Mais bon, encore une fois, les plus lucides d’entre-vous me répondront que bon, c’est internet, sans doute la faute d’un community manager sur-alcoolisé ou sous-payé, et qu’on s’en fout, et ils n’auraient pas tort. J’ai envie de leur répondre : c’est là que la fête commence. Parce qu’à force de notifications, j’ai été voir le travail du monsieur, et je pense qu’il doit rendre Nick Brandt très heureux, d’avoir un admirateur aussi assidus à lui rendre hommage. En effet, c’est tellement inspiré que j’ai l’intime conviction que le gars est capable d’aspirer une balle de golf à travers un tuyau d’arrosage. S’il n’arrive pas à vivre de sa photographie, je lui suggère vivement d’envoyer une candidature chez Konica-Minolta, célèbre fournisseur de photocopieurs. Sans déconner, ne me dites pas que vous ne voyez rien :
Et pour finir le petit bonus, avec une subtilité, c’est repris d’Ansel Adams et le titre est inversé :
Remarquez, je tiens quand même à souligner sa créativité implicite. Parce que bon, moi j’aime bien William Eggleston, et bah, j’achète ses livres. Il ne me serait jamais venu à l’esprit de tout rephotographier moi-même, c’est futé. Bien joué Lolo.

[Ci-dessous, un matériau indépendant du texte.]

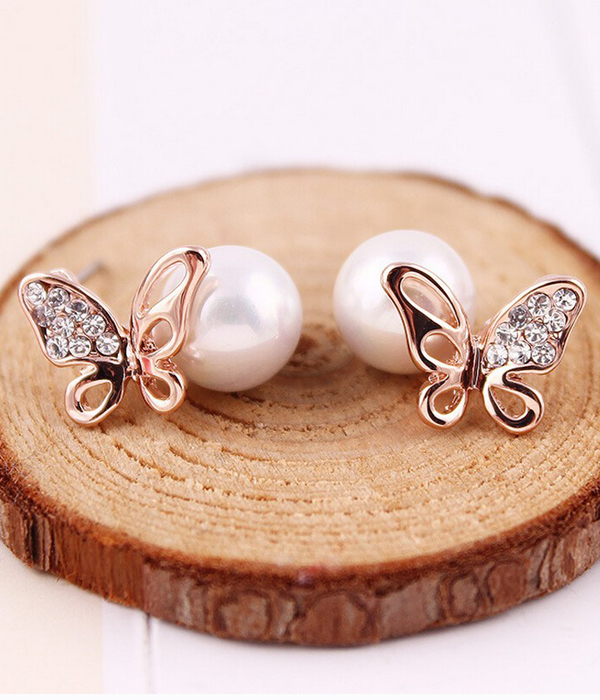 CRYSTAL BUTTERFLY AND PEARL EARRING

Ha, et pour les petits malins qui pourraient lui accorder une quelconque forme de crédit / autorité parce que bon « il est diffusé par Yellow Korner« , on va prendre un peu de temps pour en parler. Honnêtement, Yellow Korner, à mon humble avis, c’est de la photographie-décorative pour chiottes, ou bureau de directeur de banque, les deux ayant une marge de manœuvre artistique assez limitée. Le pire, c’est qu’ils sont quand-même assez adeptes du « tiens c’est bien, on va trouver quelqu’un qui fait pareil pour moins cher et le revendre. Vous aimez Nick Brandt ? On a Laurent Baheux ! ». Et les exemples sont légion, je vous laisserai le plaisir de jouer au jeu des paires, je vous en donne juste une pour la route :
Au passage, Candida Hofer est une photographe issue de l’école de Dusseldorf, élève des Becher et reconnue internationalement1. Quelqu’un connaît Frank Bohbot ? Non ? Voilà. Et pour la forme, les seuls éditeurs de monographie auquel je fais confiance les yeux fermés sont : Thames & Hudson, Taschen, Steidl, Xavier Barral, Phaidon, Aperture, Actes sud, les éditions muséales (Jeu de Paume, Maison Européenne de la Photographie, Centre Pompidou, etc.). Méfiez vous du reste.

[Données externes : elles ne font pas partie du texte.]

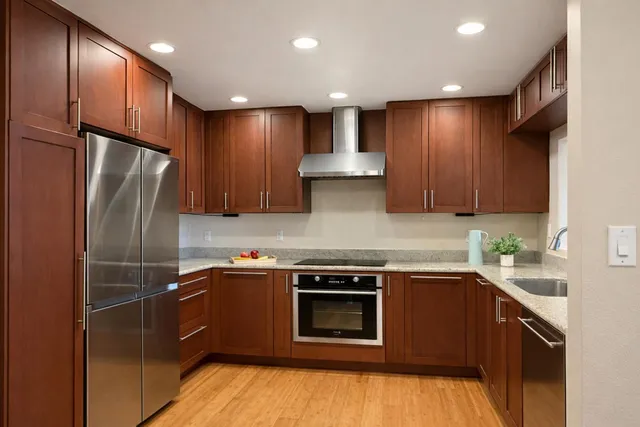 $750,000 | 1033 Crestview Drive, Unit 216, Mountain View, CA 94040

Au fait, vous voyez, quand je vous dis que le premier qui me fait de l’ad hominem dans les commentaires, il a son nom dans un billet ? Eh bien, ça ressemble à ça.
La photographie de rue à distance
Ce coup de gueule sera sans doute le plus doux de ce billet, principalement parce qu’il n’y a pas vraiment de problème en soi, il s’agit plus de tracer des lignes entre les pratiques, ou du moins de les interroger.
J’ai toujours eu du mal à comprendre ce genre de photographies de rue :
On les voit fleurir sur le net, prises à distance, mettant en avant les silhouettes et l’aspect graphique, mais disant assez peu de choses des sujets et du monde dans lequel ils évoluent. Alors certes, la photographie de rue est un genre bâtard, à la croisée du documentaire, de l’humaniste, du portrait, et du reportage, sans définition précise, mais le contact humain y est – quoiqu’il en soit – au cœur. Qu’il soit assumé ou non d’ailleurs, certaines photographes préférant jouer la discrétion quand d’autres assument et vont interagir avec leurs sujets.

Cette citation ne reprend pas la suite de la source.